Academy Awards nominee: Julie & Julia
Nominated for: best actress, Meryl Streep
Julia Child, the world's first celebrity chef, was the woman who taught Americans there was more to French cuisine than French fries thanks to her legendary recipe book Mastering the Art of French Cooking and numerous television series.
In Nora Ephron's Julie & Julia Meryl Streep plays the 6ft 2in cook, doing an uncanny impersonation of her distinctive, warbly voice and enthusiastic presenting style. Meanwhile Amy Adams plays Julie Powell, a New York blogger who documented her year-long attempt to cook each of the 524 recipes in Mastering the Art of French Cookery in 2002.
WHAT THE CRITICS SAID:Angie Errigo, Empire: "Streep is to die for, so funny, so touching, so brilliant - from her uncanny mimicry of Child's fluting, whooping voice to the subtle but heart-piercing way she suggests Julia's pain at being childless. The most pleasant surprise is Nora Ephron's direction, free of her cutesier signature touches and the running battles of the sexes. Not that there aren't girlie bits." (Verdict: four stars out of five)
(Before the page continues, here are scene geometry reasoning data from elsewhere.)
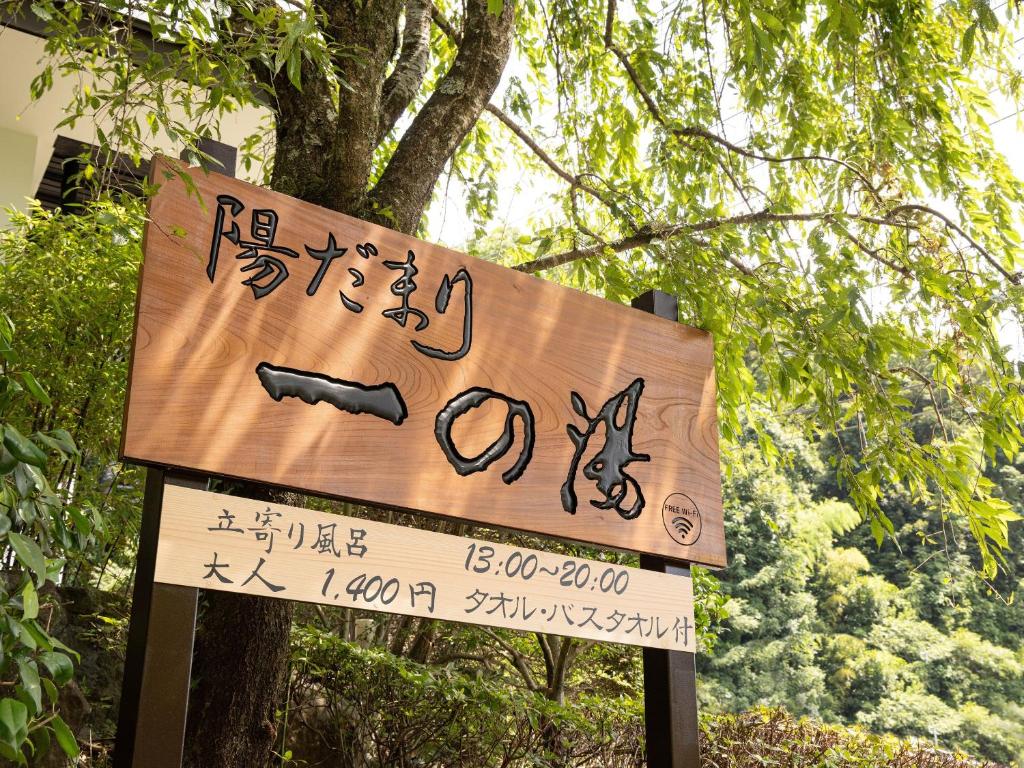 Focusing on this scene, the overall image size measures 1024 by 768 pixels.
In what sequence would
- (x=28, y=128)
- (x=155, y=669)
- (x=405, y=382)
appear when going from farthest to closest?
1. (x=28, y=128)
2. (x=405, y=382)
3. (x=155, y=669)

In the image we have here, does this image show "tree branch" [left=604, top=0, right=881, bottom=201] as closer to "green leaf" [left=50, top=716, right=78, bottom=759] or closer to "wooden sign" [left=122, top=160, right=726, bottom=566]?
"wooden sign" [left=122, top=160, right=726, bottom=566]

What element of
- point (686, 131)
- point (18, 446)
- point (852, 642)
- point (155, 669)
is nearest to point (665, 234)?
point (686, 131)

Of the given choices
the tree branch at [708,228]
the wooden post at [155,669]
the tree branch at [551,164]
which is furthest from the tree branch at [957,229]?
the wooden post at [155,669]

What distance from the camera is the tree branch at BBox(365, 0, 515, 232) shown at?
2.38 meters

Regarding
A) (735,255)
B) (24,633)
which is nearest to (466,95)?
(735,255)

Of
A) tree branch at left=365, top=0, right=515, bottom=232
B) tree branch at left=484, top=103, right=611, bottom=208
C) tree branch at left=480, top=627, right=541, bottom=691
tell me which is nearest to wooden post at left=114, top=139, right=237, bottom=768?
tree branch at left=365, top=0, right=515, bottom=232

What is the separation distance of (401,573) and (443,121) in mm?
1467

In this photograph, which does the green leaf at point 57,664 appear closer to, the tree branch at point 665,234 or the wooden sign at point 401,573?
the wooden sign at point 401,573

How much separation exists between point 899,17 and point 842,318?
1.12 m

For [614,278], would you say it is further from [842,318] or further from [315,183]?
[315,183]

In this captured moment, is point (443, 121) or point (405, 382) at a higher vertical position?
point (443, 121)

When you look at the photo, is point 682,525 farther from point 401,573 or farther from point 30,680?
point 30,680

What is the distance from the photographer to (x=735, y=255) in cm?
315

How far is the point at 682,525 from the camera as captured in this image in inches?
75.0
Katha Politt, the Guardian: "What I loved most of all, though, was that Julie & Julia is that very rare thing, a movie centred on adult women, and that even rarer thing, a movie about women's struggle to express their gifts through work. Not a boyfriend, a fabulous wedding, a baby, a gay best friend, a better marriage, escape from a serial killer, the perfect work-family balance, another baby. Real life is full of women for whom work is at the centre, who crave creative challenge, who are miserable until they find a way to make a mark on the world."
AO Scott, the New York Times: "The unevenness of Julie & Julia is nobody's fault, really. It arises from an inherent flaw in the film's premise. Julie is an insecure, enterprising young woman who found a gimmick and scored a book contract. Julia is a figure of such imposing cultural stature that her pots and pans are displayed at the Smithsonian. The fact that Ms Ephron, like Julie herself, is well aware of this gap does not prevent the film from falling into it."